● **Work task**: Everything in the listing that follows should be reproduced exactly except the pictures.

┌─ Input data

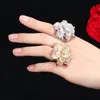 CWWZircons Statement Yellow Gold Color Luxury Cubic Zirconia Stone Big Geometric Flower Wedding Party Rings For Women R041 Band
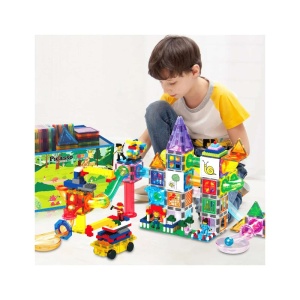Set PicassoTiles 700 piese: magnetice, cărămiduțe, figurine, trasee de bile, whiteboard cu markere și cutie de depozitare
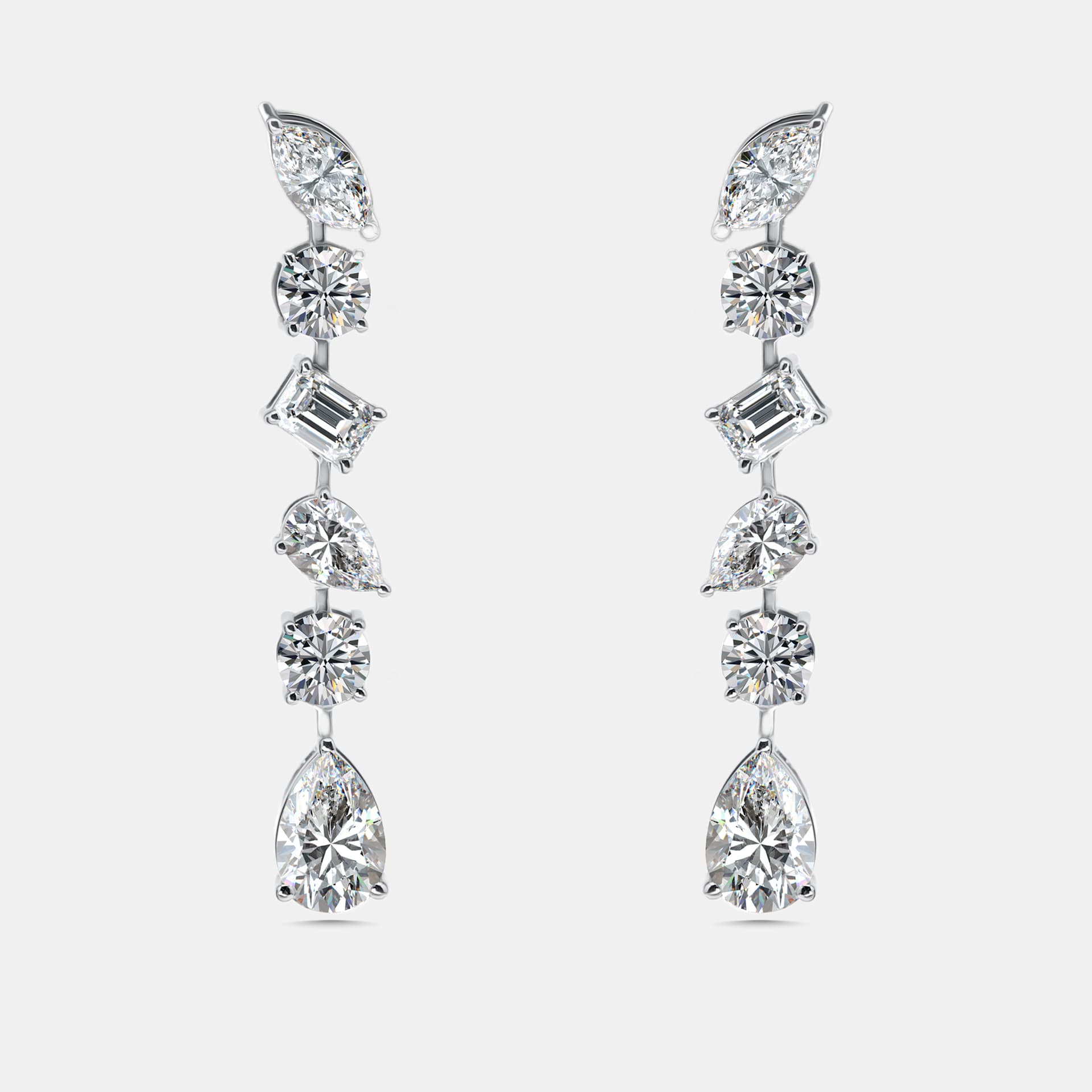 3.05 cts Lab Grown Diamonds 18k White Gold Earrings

└─

● **Written solution**:
 CWWZircons Statement Yellow Gold Color Luxury Cubic Zirconia Stone Big Geometric Flower Wedding Party Rings For Women R041 Band
Set PicassoTiles 700 piese: magnetice, cărămiduțe, figurine, trasee de bile, whiteboard cu markere și cutie de depozitare
 3.05 cts Lab Grown Diamonds 18k White Gold Earrings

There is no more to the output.